L’incarcération d’Ahmed force au recadrage du cinéma et invente de nouvelles perspectives, d’autres lignes de fuite à son triste tableau de l’existence. Des mains se tendent avec bienveillance pour pousser le garçon à accomplir un cheminement inverse, à se convertir à l’« impureté » de la vie jusque-là exécrée. Sa mère, bien sûr, lui rend visite ; la psychologue du centre l’encourage dans son travail de conscience ; Inès, la victime, tente une entrevue de réconciliation ; son éducateur, son avocat, les propriétaires de la ferme où il est accueilli dans le cadre de sa réinsertion, tous le soutiennent. À l’image encore de Louise, la jeune fille des fermiers, qui ébauche un petit flirt avec Ahmed, l’initie à la tendresse et au premier baiser. Qui lui offre une magnifique preuve d’amour et d’humanité.
Peine perdue
Mais le visage et l’esprit aussi fermés que le centre où il est détenu, Ahmed se dérobe cette fois à ses scénaristes qui ne parviennent pas à le sauver de lui-même. Une première dans la cinématographie des Dardenne, toujours confiants en la capacité de résilience de leurs personnages. Trop tard, trop jeune ? À tous les visages ouverts vers l’hypothèse d’un retour en accord avec le monde, Ahmed fait bonne figure. C’est un leurre. Son fanatisme inentamé le rend hermétique à la sollicitude de tous. Le jeune adolescent poursuit sa ligne en solitaire ; il aiguise un nouveau plan d’attaque.

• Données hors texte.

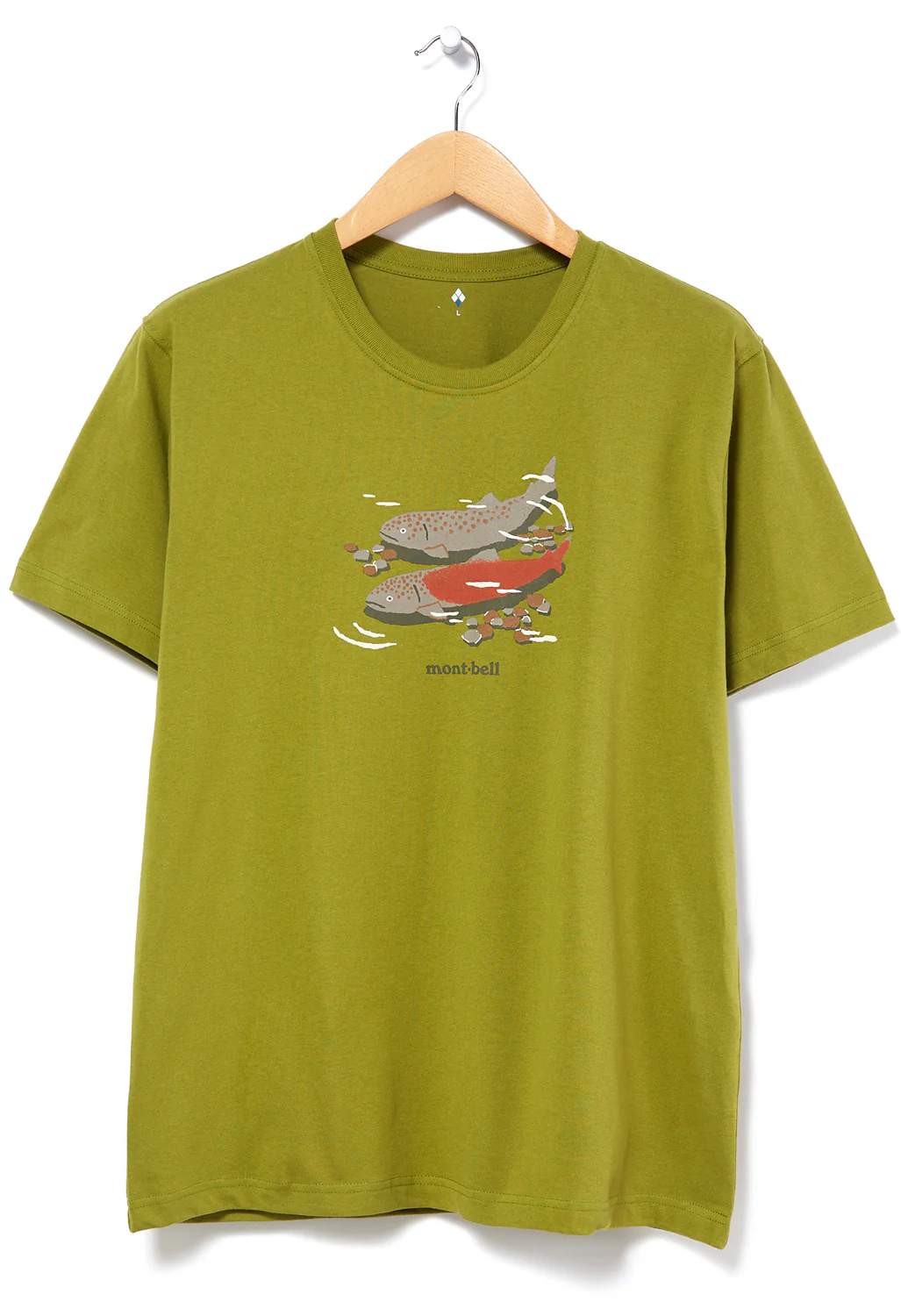 Montbell Pear Skin Cotton Ito T-Shirt - Light Thyme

Comme l’imam Youssouf, les Dardenne donnent le sentiment d’avoir perdu le contrôle de leur « créature », inaptes à lui trouver une échappatoire sans craindre l’angélisme d’un happy end. Quelle serait la scène, quels seraient les plans qui permettraient de filmer cette métamorphose, s’interrogent-ils. Une puissante force vitale poussait autrefois Rosetta à foncer, à avancer dans l’existence batailleuse. Une pulsion de mort travaille ici le jeune fanatique et le pousse à agir contre les cinéastes impuissants à éclairer son esprit obscurci. À tous les radicalisés, aspirants au djihad comme son défunt cousin, la mort n’est pas plus grave qu’une piqûre de moustique, s’offusque l’éducateur du centre de détention…
Sur le retour de la ferme vers le centre fermé, Ahmed s’évade. Il reprend sa course au meurtre, inconscient du sort qui l’attend. Il veut tuer, il sera « descendu » en plein vol. Arrêté net, littéralement terrassé, condamné à vivre prisonnier d’un corps cassé. Sa fuite, qui le conduit au crime, le pousse à la faute, qui est à la fois sanction et possibilité de rédemption. Est-ce là cruauté de la fiction ? Faillite du scénario ? L’accident (ou deus ex machina) n’est pas une excuse. Le jeune Ahmed devient la victime expiatoire d’un crime qu’il n’aura pas commis et qui le dépasse. Aussi, la chute finale ne trahit pas tant l’impuissance de deux cinéastes à pacifier leur personnage que les difficultés des sociétés à stopper le mouvement de l’islamisme (radical).
Philippe Leclercq
Bravo pour cette analyse, si riche, si juste, si forte. Je l’ai diffusée sur Facebook, ne serait-ce que pour que des lecteurs viennent lire ce que vous écrivez sur le blog de l’Ecole des Lettres.
Je ne vois pas toujours les mêmes films que vous (et donc ne me prononce pas sur d’autres analyses), mais là, je ne peux qu’adhérer.